People have all kinds of strategies when it comes to achieving financial independence. There is no single path that will get you there. Some people have amazing jobs. Others save like Life itself depends on it. Other people learn about the mechanics of personal finance, to learn behaviors that will put them in advantageous financial standing moving forward. This last strategy is the one most like the one we’re talking about today.
Credit scores and credit histories are murky subjects for most people. It takes some research and interest to root out problems in our credit histories. Most people don’t even understand what a good credit score is, or why it exists. But both of these personal finance realities are essential to your future financial life. If you want to achieve wealth, as easily as possible, you’ll want to do the work of improving your credit score and history.
A credit score is a record of every financial transaction you’ve made with a service provider, lender, or financial institution during your adult life. Every time you pay off a credit account on time or set up an automated utility payment that doesn’t bounce, your credit history takes on another positive memory about you. When you don’t pay your bills on time or you have accounts sent to collections, your credit history gets negative marks.
These negative and positive history components help put together your credit score. You may ask what is an excellent credit score? Usually an excellent score is from 750 to 830. Less than 10% of consumers have credit scores like this. That’s all well and good, but what does such a credit score mean?
Credit scores are clues to lenders about how responsible a potential borrower will be with money.

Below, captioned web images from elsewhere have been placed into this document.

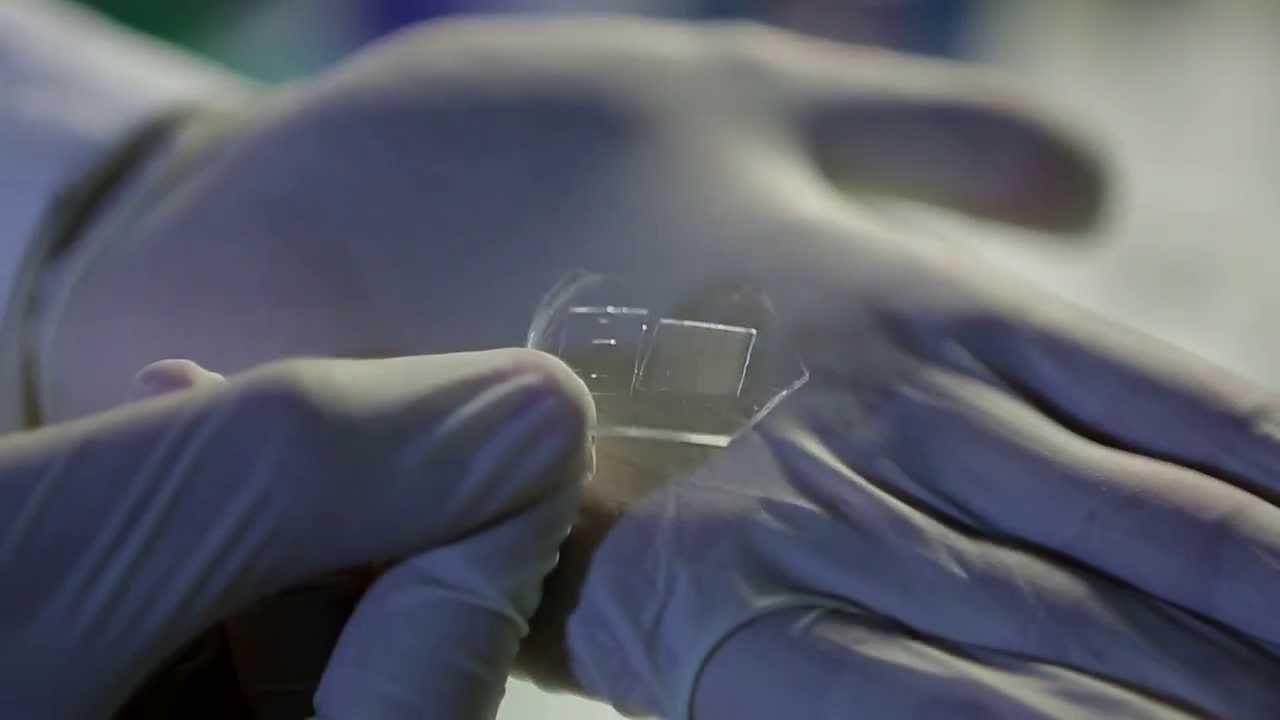 Spark Award 2014: Improved wound healing by structured cellulose patches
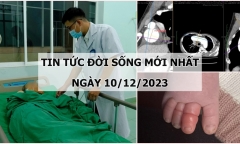 Tin tức đời sống mới nhất ngày 10/12: Cụ bà bị trúng “đạn lạc” khi đang lượm cà phê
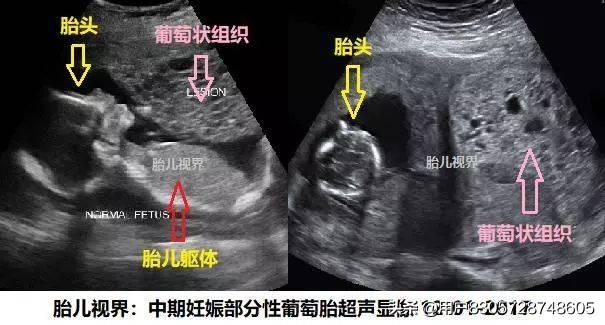 葡萄胎是怎么形成的:对于葡萄胎大家是什么看法，医生说我这是病，住了快一星期的院了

If someone can’t handle money, they’ll be likely to take out a loan and never pay it back. The lender doesn’t want that. Some eliminate this risk by not issuing loans to people with low credit scores. Others issue loans to people with poor credit, but they charge a ton of interest. This interest is extra money that a person pays back each month, over and above the monthly premium associated with that loan.
Paying extra money every month, on every loan you have, causes people with poor credit scores to have less money overall for their entire lives. With a mortgage and one or two car loans (at least) a person with poor credit might pay $10,000 more in a year than a person with good credit – at least! Over the course of life, people with poor credit miss out on hundreds of thousands or millions of dollars, all slipping away to payments they would avoid if they had improved their credit.
There are many ways to improve a credit score. The two most important are to pay all bills on time and not to be reliant on credit, whenever possible. If you manage to pay off your debts, and stick to these behaviors, your credit will steadily rise and you’ll start to advantage yourself and your financial future.